### Work instruction
Please repeat the records below exactly, skipping any pictures.

Short text fragments from websites
==============================
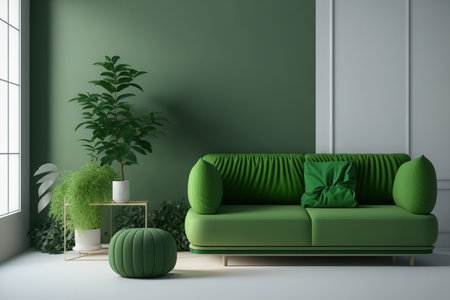 Minimalist interior, sofa, plants, Modern green roomの素材
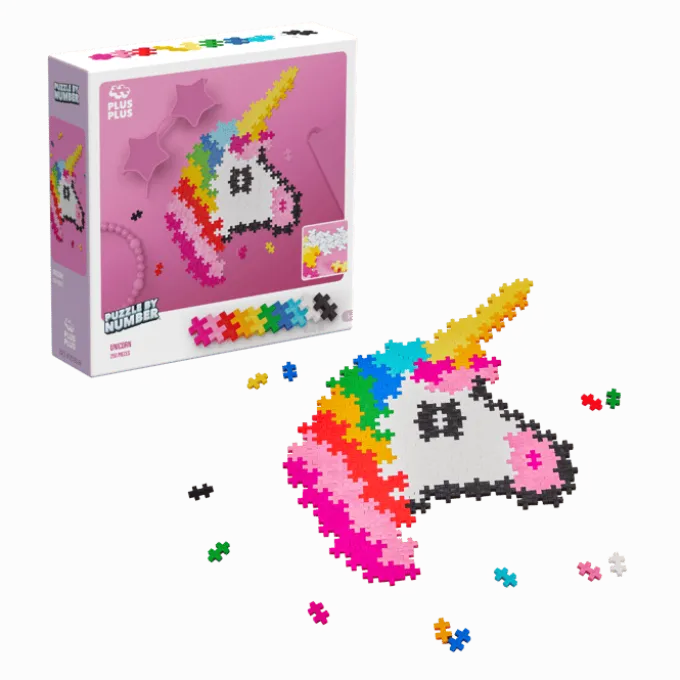 Plus-Plus - Puzzle By Number, Enhjørning 250 stk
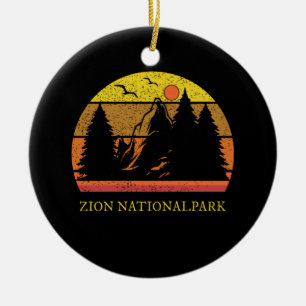 Zion National Park Retro Vintage Ceramic Tree Decoration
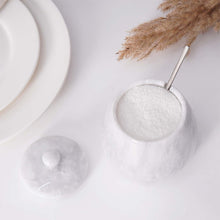 Load image into Gallery viewer, Marble Salt Cellar with Spoon - Handmade Salt Jar with Lid | Kitchen Storage Container
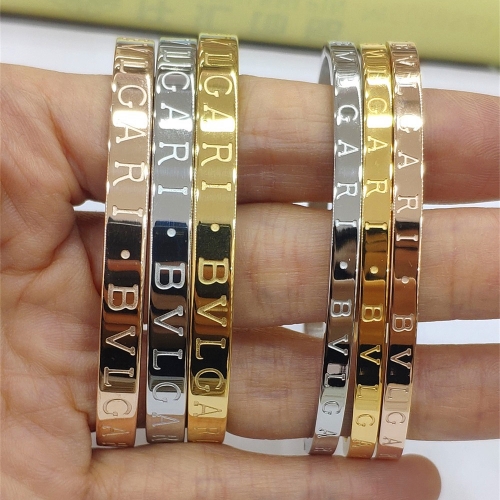 Stainless Steel Brand Bangle-HY240524-P24LOV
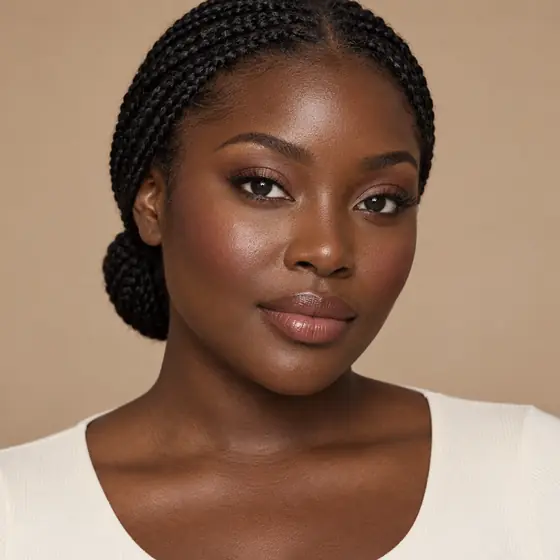 Model with deep, neutral skin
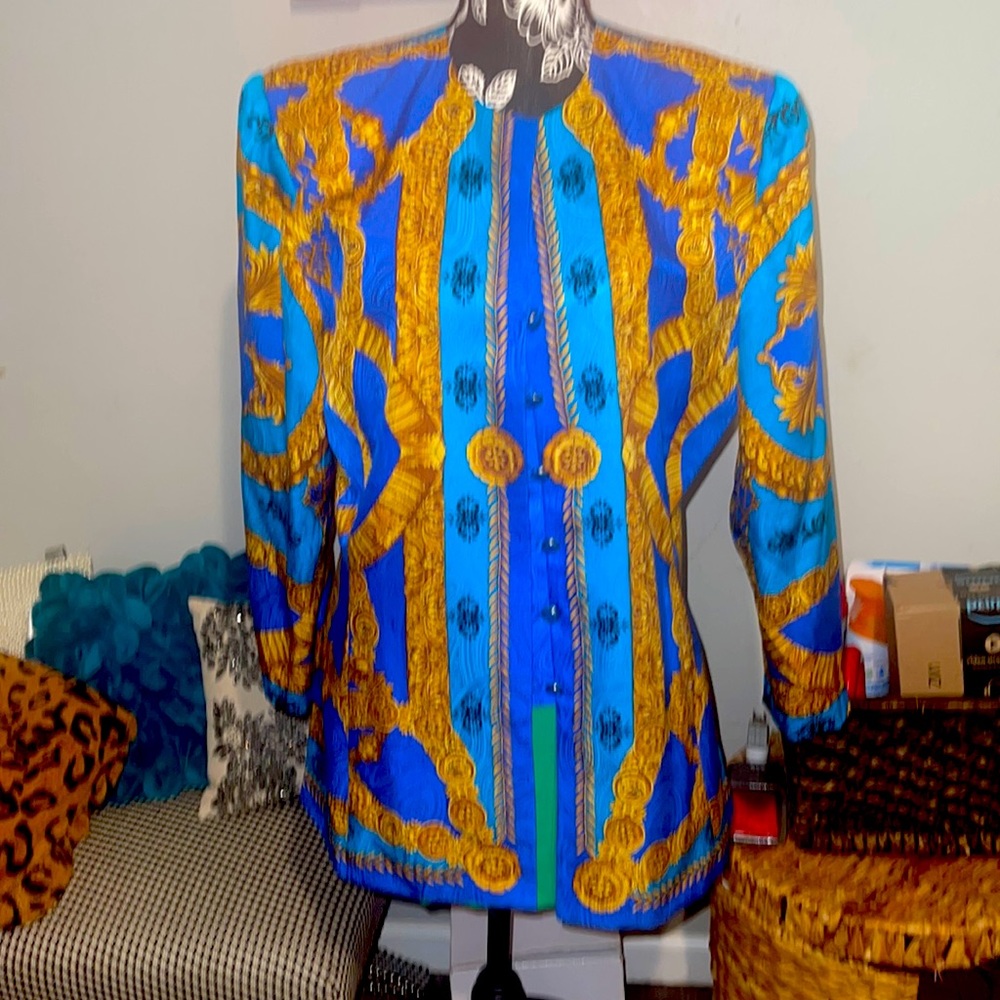Adrianna Papell Tops | Vintage Adrianna Papell Baroque Blue Gold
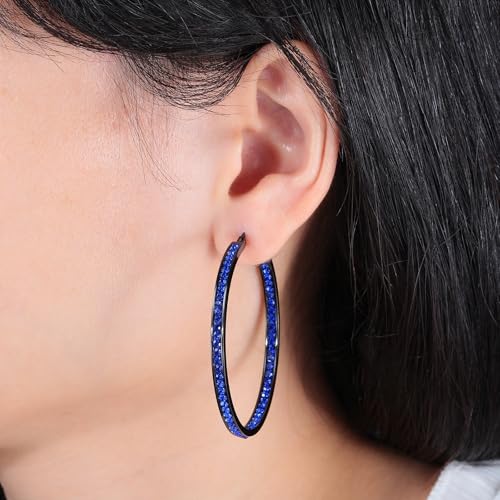 CiNily Mult-colors Crystal Stainless Steel Hoop Earring for Women Hypoallergenic Jewelry for Sensitive Ears Large Big Hoop Earrings 2" - color: Black Gold-Dark Blue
==============================
### Task output
 Minimalist interior, sofa, plants, Modern green roomの素材
 Plus-Plus - Puzzle By Number, Enhjørning 250 stk
 Zion National Park Retro Vintage Ceramic Tree Decoration
 Load image into Gallery viewer, Marble Salt Cellar with Spoon - Handmade Salt Jar with Lid | Kitchen Storage Container
 Stainless Steel Brand Bangle-HY240524-P24LOV
 Model with deep, neutral skin
Adrianna Papell Tops | Vintage Adrianna Papell Baroque Blue Gold
 CiNily Mult-colors Crystal Stainless Steel Hoop Earring for Women Hypoallergenic Jewelry for Sensitive Ears Large Big Hoop Earrings 2" - color: Black Gold-Dark Blue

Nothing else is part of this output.